Le prélèvement d'organes à partir d'un seul cadavre peut sauver la vie à
dix malades. Cette pratique médicale maîtrisée et prometteuse reste l'ultime
espoir pour des dizaines de patients nécessitant une greffe hépatique qui
semblent aujourd'hui condamnés à mourir à petit feu dans nos hôpitaux. Le
prélèvement d'organes à partir de donneur en état de mort encéphalique reste
tributaire du consentement des parents. Le hic est que la société algérienne
qui sacralise le cadavre rejette catégoriquement cette pratique. A l'exception
d'un seul cas de prélèvement de foie sur un donneur en état de mort
encéphalique à Blida, la quasi-totalité des proches de donneurs potentiels en
état de mort encéphalique repoussent les incessantes exhortations des médecins.
L'association Aboulcassis, baptisée au nom du célèbre médecin andalou Abu
Al-Qasim al Zahrawi considéré comme le père fondateur de la chirurgie moderne,
milite depuis de nombreuses années pour la promotion du don d'organes, de tissu
et de cellules de donneurs en état de mort encéphalique à travers, notamment,
la sensibilisation de la population sur les dispositions religieuses, médicales
et réglementaires permettant ce geste. Le président de cette association, le professeur
Ben Maarouf Noureddine, chef de service de chirurgie hépatobiliaire et greffe
du foie à l'Etablissement hospitalier universitaire 1er Novembre, que nous
avons rencontré dimanche dans son bureau, révèle que son association qui
regroupe près de 300 médecins spécialistes de toute la région Ouest active pour
faire connaître la nouvelle spécialité de chirurgie hépatobiliaire qui prend en
charge toutes les pathologies bénignes ou malignes touchant le foie, les voies
biliaires et le pancréas. Il ajoute que son service est encadré par des
médecins spécialistes formés à l'étranger et essentiellement en France.

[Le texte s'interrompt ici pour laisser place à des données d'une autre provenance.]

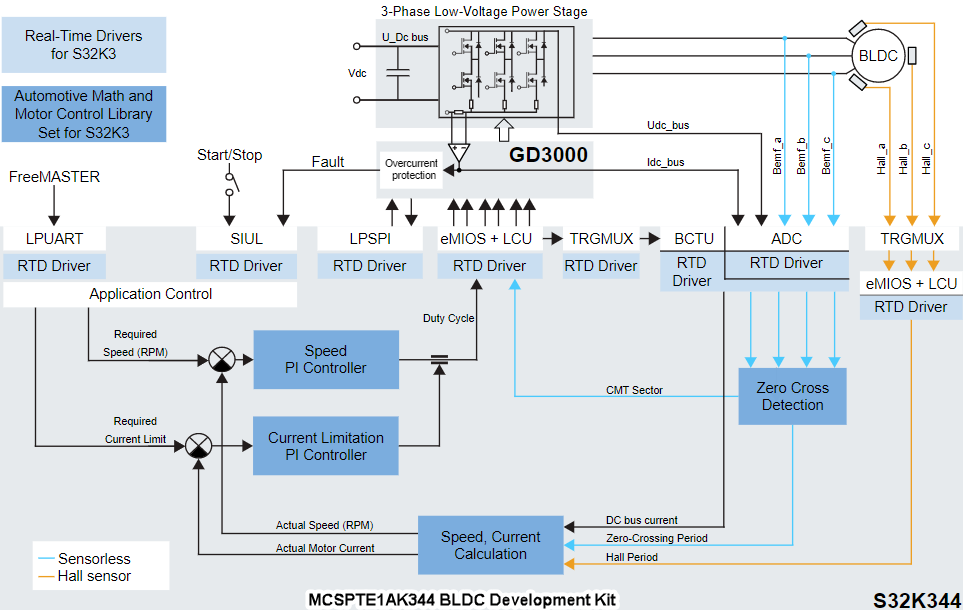 NXP Semiconductors Kit de développement de contrôle de moteur MCSPTE1AK344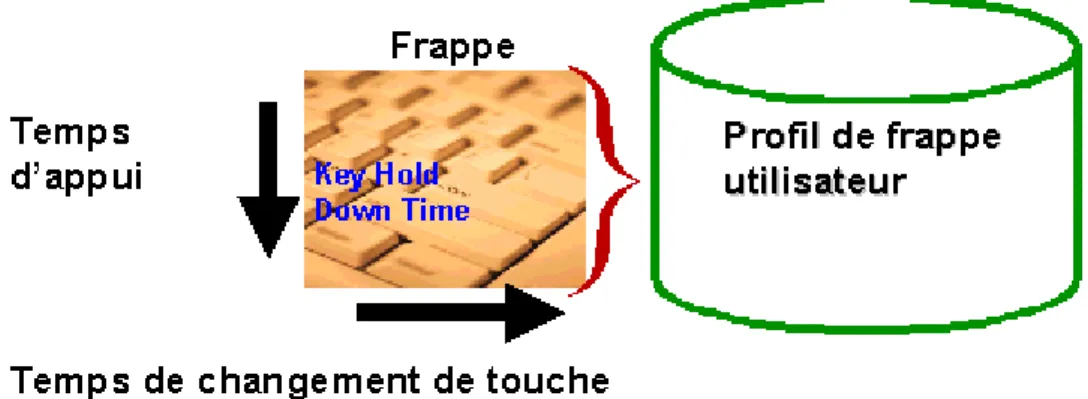 Figure 1.6 Procédure d'authentification par clavier.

L'association, qui plaide pour le développement de la transplantation hépatique
à partir de dons cadavériques, se heurte malheureusement aux réticences de la
société. Le professeur Ben Maarouf estime que le temps est venu pour changer
les mentalités et rétablir la confiance entre la société et le système
sanitaire dans son ensemble. Le président de cette association veut balayer les
idées reçues sur le prélèvement d'organes à partir de donneur en état de mort
encéphalique tout en soutenant que cette pratique est permise par la religion
pour cause de nécessité. Le ministère des Affaires religieuses et des Wakfs
avait émis en 2003 une fetwa autorisant la greffe d'organes à partir d'une
personne décédée. «Le prélèvement d'organes tels que l'œil, le rein, l'épiderme
ou le cœur d'une personne qui vient de décéder pour les transplanter dans le
corps d'une personne vivante pour la sauver est autorisé», a précisé une fetwa
émise par l'ancien président du Haut conseil islamique (HCI). Le professeur Ben
Maarouf insiste sur l'urgence de lancer les prélèvements d'organes sur les
personnes décédées pour sauver des dizaines de malades qui croupissent dans les
listes d'attente et dont la majorité décèdent alors que les quelques rescapés
finissent leurs jours dans les unités d'hépatologie. Dans le seul service
dirigé par le professeur Ben Maarouf, ils sont une dizaine de malades à
attendre une hypothétique transplantation hépatique. «Nous avons un malade de
45 ans qui est décédé récemment après avoir longuement patienté dans la liste
d'attente. Sans une transplantation hépatique, ces malades sont condamnés à une
mort certaine», regrette notre interlocuteur. Les médecins assurent que le
nombre des malades en attente de greffes d'organes ne cesse d'accroître en
Algérie en raison essentiellement de la progression des hépatites A, B et C
parmi la population, d'où la nécessité de revoir de fond en comble toute la
stratégie de promotion du prélèvement d'organes sur donneur en état de mort
encéphalique. L'association Aboulcassis compte ainsi lancer une vaste campagne
de sensibilisation dans les hôpitaux, les mosquées, les médias et les réseaux
sociaux pour convaincre les donneurs potentiels et la population en général.